## WHAT IS NEEDED:
With pictures omitted, output the records below exactly as they appear.
----------
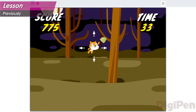We've discussed movement speed before, which defines how quickly or slowly the hero moves left and right on the screen. We've also talked about jump speed, which determines how fast the hero moves upward when jumping, and therefore also how high they can jump. Now it's time to cover the last piece of the puzzle: gravity.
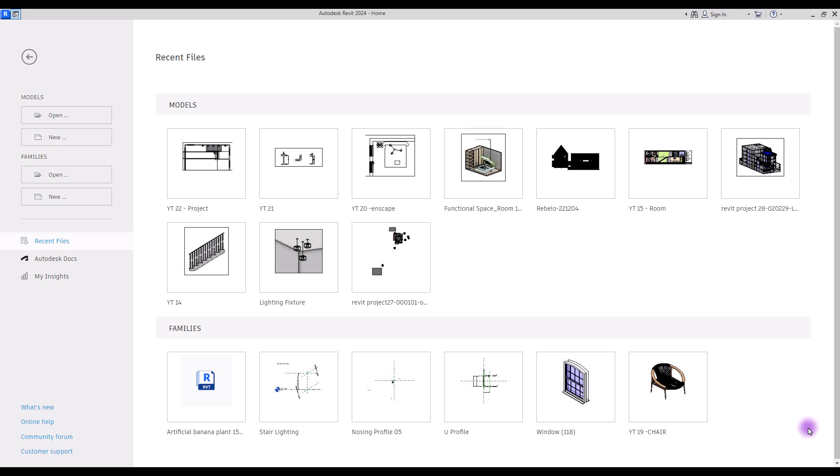Hey guys, welcome back to this channel. I'm Ella and in this video we are going to work on two different ways to import objects to Revit. I have searched about this and checked a few plugins and add-ins, but these two ways are the best. If you know any other ways, just leave them in the comment section below. I will check them and if they work better I will share them with you.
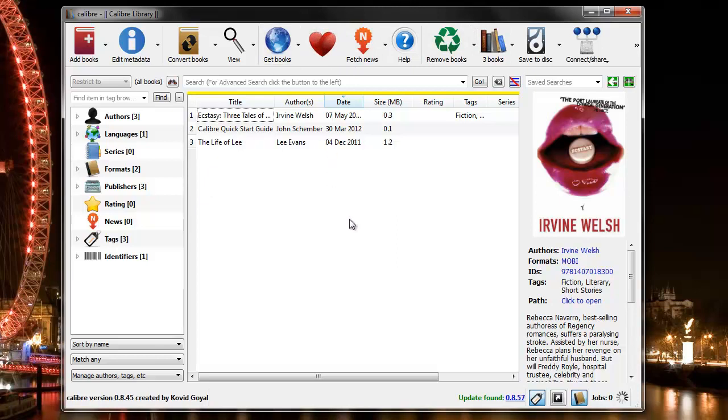As a point to note, at this point in time, your Kindle doesn't need to be powered on. You can go ahead and connect via USB.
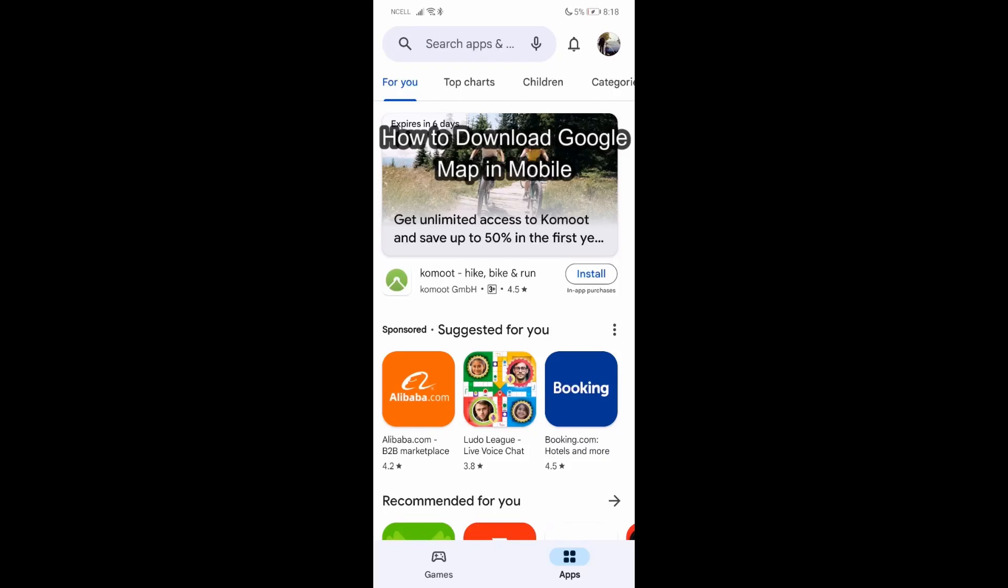Hey guys, welcome back to our channel Tech Tube. Today I'm going to show you how you can download Google Maps on your phone. I'm going to teach you a very easy step.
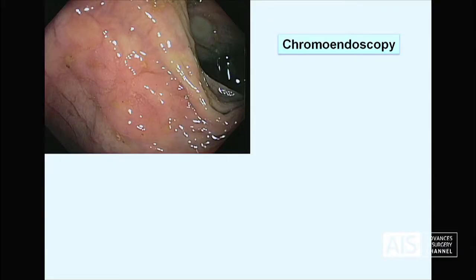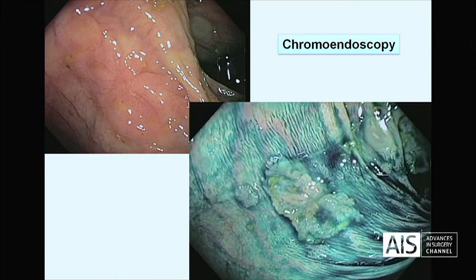For chromoendoscopy, as you can see here, we see this very subtle lesion — a small depressed lesion where the vascular pattern is interrupted, giving us suspicion that something is there. We then apply the dye; in this case indigo carmine, which is a non-absorptive contrast dye that improves the subtle changes in the mucosa. Like this we can see a flat lesion that is slightly depressed in the center, and even a small adjacent lesion. This lesion was a T1 carcinoma in the colon.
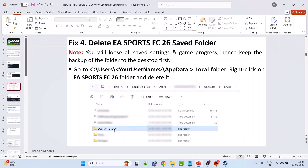Fix 4 is to delete the EA Sports FC26 saved folder. Note: you will lose all saved settings and game progress, so keep a backup of the folder to the desktop first. Go to C drive > Users > your username > AppData folder. If you don't see AppData, click View and check Hidden Items. Open AppData > Local, right-click on EA Sports folder, copy it to desktop first, then delete it. Launch the game and check.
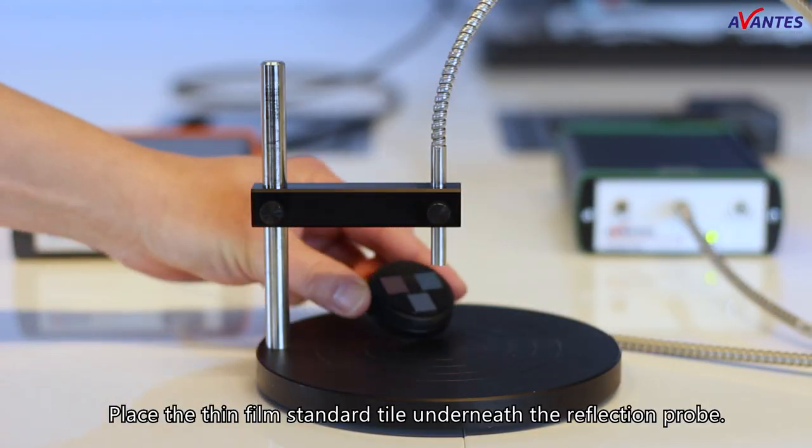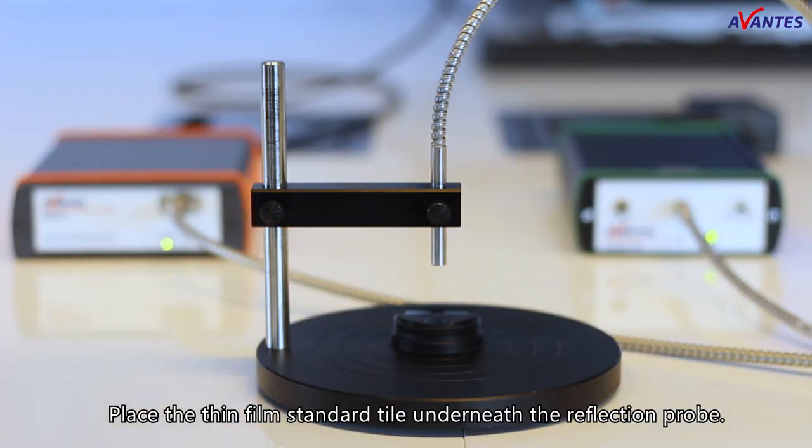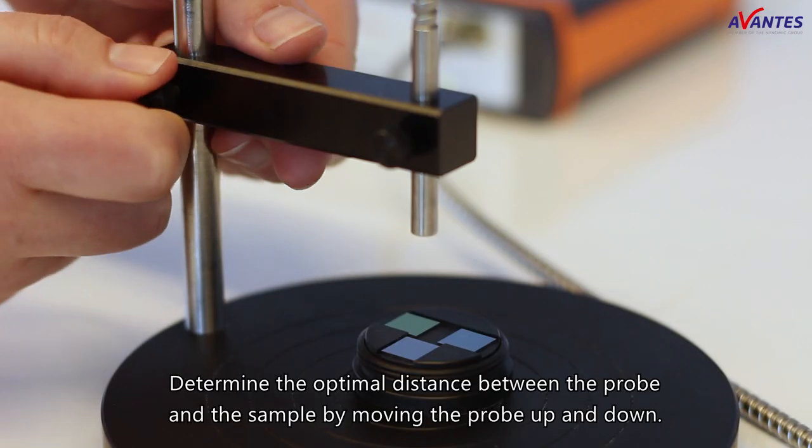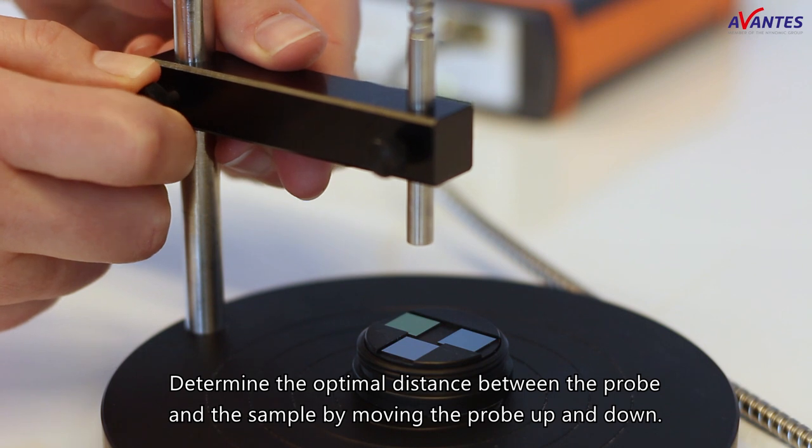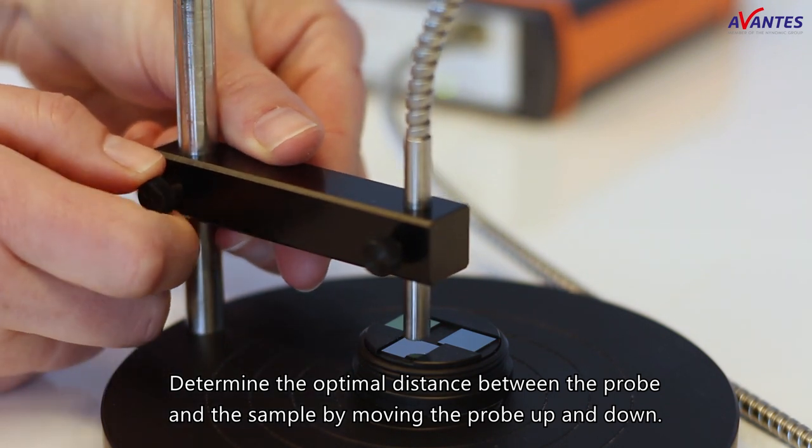Place the thin film standard tile underneath the reflection probe. Determine the optimal distance between the probe and the sample by moving the probe up and down.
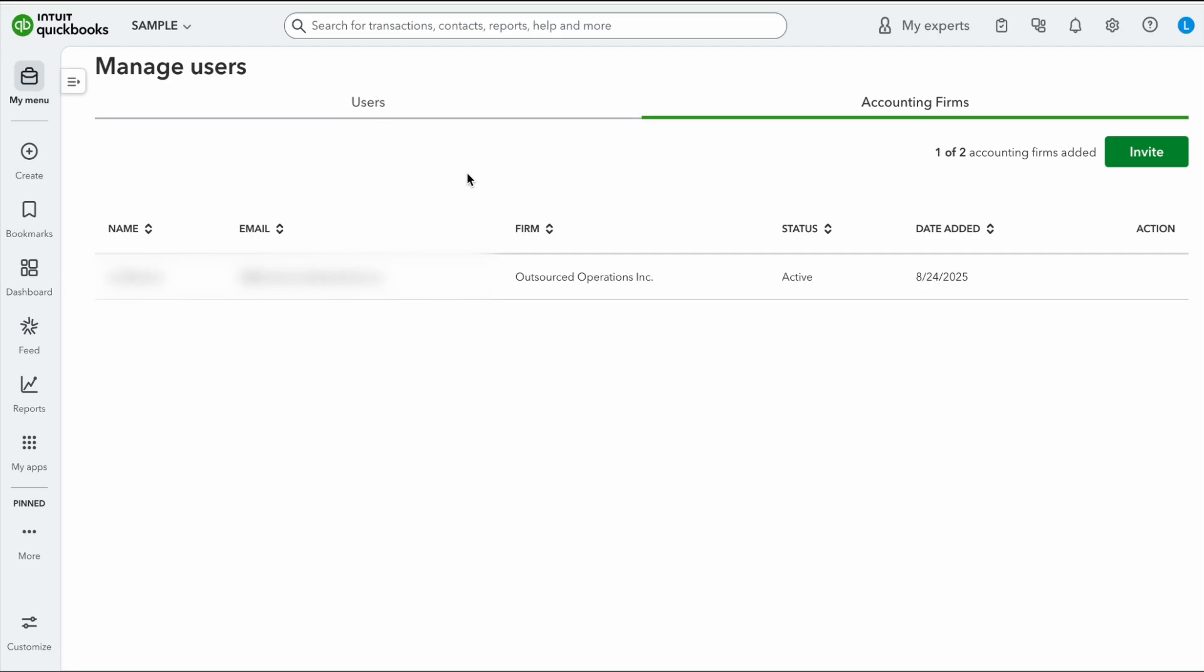So that is how you undo a bank reconciliation in QuickBooks Online. And that's how you ensure that you do see that undo option. And that's it.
----------
## REPLY TO THE TASK:
We've discussed movement speed before, which defines how quickly or slowly the hero moves left and right on the screen. We've also talked about jump speed, which determines how fast the hero moves upward when jumping, and therefore also how high they can jump. Now it's time to cover the last piece of the puzzle: gravity.
Hey guys, welcome back to this channel. I'm Ella and in this video we are going to work on two different ways to import objects to Revit. I have searched about this and checked a few plugins and add-ins, but these two ways are the best. If you know any other ways, just leave them in the comment section below. I will check them and if they work better I will share them with you.
As a point to note, at this point in time, your Kindle doesn't need to be powered on. You can go ahead and connect via USB.
Hey guys, welcome back to our channel Tech Tube. Today I'm going to show you how you can download Google Maps on your phone. I'm going to teach you a very easy step.
For chromoendoscopy, as you can see here, we see this very subtle lesion — a small depressed lesion where the vascular pattern is interrupted, giving us suspicion that something is there. We then apply the dye; in this case indigo carmine, which is a non-absorptive contrast dye that improves the subtle changes in the mucosa. Like this we can see a flat lesion that is slightly depressed in the center, and even a small adjacent lesion. This lesion was a T1 carcinoma in the colon.
Fix 4 is to delete the EA Sports FC26 saved folder. Note: you will lose all saved settings and game progress, so keep a backup of the folder to the desktop first. Go to C drive > Users > your username > AppData folder. If you don't see AppData, click View and check Hidden Items. Open AppData > Local, right-click on EA Sports folder, copy it to desktop first, then delete it. Launch the game and check.
Place the thin film standard tile underneath the reflection probe. Determine the optimal distance between the probe and the sample by moving the probe up and down.
So that is how you undo a bank reconciliation in QuickBooks Online. And that's how you ensure that you do see that undo option. And that's it.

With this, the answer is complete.